Another thing I should have mentioned: once Lolth was dead, I asked the player of the drow sorcerer if he'd considered travelling back in time to try and stop Lolth getting corrupted.

He said that he hadn't - though I did point out that the PCs had travelled back in time on a previous occasion, and had fought a creature (Ygorl) who travels back in time from the end of the world.

I think it's too late, now that Lolth has been killed and her soul condemned by a Marshall of Letherna.

EDIT: Another bit I left out of the write-up, which elaborates on why Lolth's soul was condemned - the paladin used Clarion of Sorrow (epic destiny utility that stops creatures regenerating or returning as undead) on the turn when he teleported in and killed Lolth. When you want an enemy to go down and stay down.

I must admit, I am really curious about who or what will replace Lolth...?
 

pemerton

Legend
I am really curious about who or what will replace Lolth...?
The campaign has a few competing trajectories.

The dwarf fighter/cleric of Moradin/Eternal Defender and the drow sorcerer want to make the mortal world safe for ordinary people.
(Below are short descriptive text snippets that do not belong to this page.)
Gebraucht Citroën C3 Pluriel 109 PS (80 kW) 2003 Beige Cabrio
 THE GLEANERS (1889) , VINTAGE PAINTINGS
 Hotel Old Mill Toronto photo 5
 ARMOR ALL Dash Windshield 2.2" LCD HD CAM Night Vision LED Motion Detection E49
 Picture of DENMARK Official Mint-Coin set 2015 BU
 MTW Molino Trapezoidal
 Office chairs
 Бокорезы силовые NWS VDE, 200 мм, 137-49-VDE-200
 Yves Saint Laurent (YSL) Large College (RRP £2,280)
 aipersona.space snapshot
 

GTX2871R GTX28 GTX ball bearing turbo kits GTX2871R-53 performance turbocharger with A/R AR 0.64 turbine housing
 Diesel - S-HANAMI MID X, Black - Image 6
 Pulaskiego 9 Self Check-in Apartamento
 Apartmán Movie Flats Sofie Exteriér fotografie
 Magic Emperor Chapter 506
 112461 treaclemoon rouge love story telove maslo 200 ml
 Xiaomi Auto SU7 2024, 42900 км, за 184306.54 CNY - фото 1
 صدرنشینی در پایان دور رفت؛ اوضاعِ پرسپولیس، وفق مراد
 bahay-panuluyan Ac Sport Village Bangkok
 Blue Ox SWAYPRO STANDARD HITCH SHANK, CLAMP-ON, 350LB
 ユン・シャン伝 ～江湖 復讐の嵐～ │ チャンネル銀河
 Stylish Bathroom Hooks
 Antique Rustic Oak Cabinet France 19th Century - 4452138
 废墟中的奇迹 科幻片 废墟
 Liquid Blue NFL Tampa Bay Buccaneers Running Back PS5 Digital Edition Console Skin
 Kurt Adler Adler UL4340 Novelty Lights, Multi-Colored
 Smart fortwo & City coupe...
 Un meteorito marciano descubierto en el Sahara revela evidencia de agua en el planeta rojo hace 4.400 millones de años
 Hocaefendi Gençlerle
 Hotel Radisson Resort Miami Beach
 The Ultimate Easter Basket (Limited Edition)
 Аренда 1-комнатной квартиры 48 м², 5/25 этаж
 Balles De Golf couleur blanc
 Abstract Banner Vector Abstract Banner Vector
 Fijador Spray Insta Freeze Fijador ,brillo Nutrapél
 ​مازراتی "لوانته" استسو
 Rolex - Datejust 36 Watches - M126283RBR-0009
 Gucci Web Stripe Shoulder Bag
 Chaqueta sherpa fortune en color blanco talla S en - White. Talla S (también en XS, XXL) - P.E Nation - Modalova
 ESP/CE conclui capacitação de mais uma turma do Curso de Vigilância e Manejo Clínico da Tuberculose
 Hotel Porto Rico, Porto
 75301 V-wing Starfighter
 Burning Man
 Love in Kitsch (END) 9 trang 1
The problem with the drow's methods is that they involve a lot of invocation of chaotic power (while a devotee of Corellon, he is also a Demonskin Adept - thought that may now be unravelling - and an Emergent Primordial of lightning and thunder, allied with Chan, the Queen of Good Air Elementals).

The invoker with his staff of law is pushing - whether willingly or not - towards restoration of the Lattice of Heaven, which those other two - especially the drow - feel may stultify the mortal world.

Meanwhile the Raven Queen die-hards - of whom the paladin is the more fanatical - are in practical terms getting their way. The Raven Queen has Torog's souls, winter in the Feywild as well as the mortal world, and now no longer has Lolth scheming to take back the domain of fate.

In practical terms of leading the drow, the sorcerer PC wants to bring them to Corellon, but that may be hard. In terms of being a god of scheming and lies, that portfolio may go unclaimed, or perhaps the Raven Queen is the new god of scheming!

As far as holding the world together, I'm not sure anyone is doing that. Every step the PCs take - killing Torog, killing Lolth, assembing the Rod of 7 Parts - seems to be bringing the Dusk War that much closer. And it's not as if they don't know it - they knew it when they tackled Torog and again when they tackled Lolth. I don't know what their plan is for holding off the chaos, or if they even have one!
 

TarionzCousin

Second Most Angelic Devil Ever
I think this may be my favourite of your session reports yet.

Well done to all. Superb.
Likewise. This sounds truly epic. Bravo.

Every step the PCs take - killing Torog, killing Lolth, assembing the Rod of 7 Parts - seems to be bringing the Dusk War that much closer. And it's not as if they don't know it - they knew it when they tackled Torog and again when they tackled Lolth. I don't know what their plan is for holding off the chaos, or if they even have one!
They're PC's; their plan is undoubtedly the same plan of all PC's everywhere: "Deal With It."
 


pemerton

Legend
Another cross-post from the "Best of 4e" thread: a recent email exchange between me and the player of the drow sorcerer:

Another thought, namely, Jett's paragon path.

If you stay with Demonskin Adpet, you really are choosing to go down the dark path, as there is no longer any mediation - Jett would be aligning himself with the raw forces of the Demonweb.

If Jett wants to go down another path, a quick review of PHB2 and Arcane Power suggest Voice of Thunder and Essence Mage as possibilities.

Thoughts?

************************

Jett has been chasing power to accomplish his great goal. With Lolth defeated, he will be a drow redeemed. Voice of Thunder, thanks be to Great Father.

Updated Jett attached. With the multi-class, power swapping and paragon path he’s nearly half bard.​

I haven't decided yet how the drow NPCs will react when he casts of his demonskins!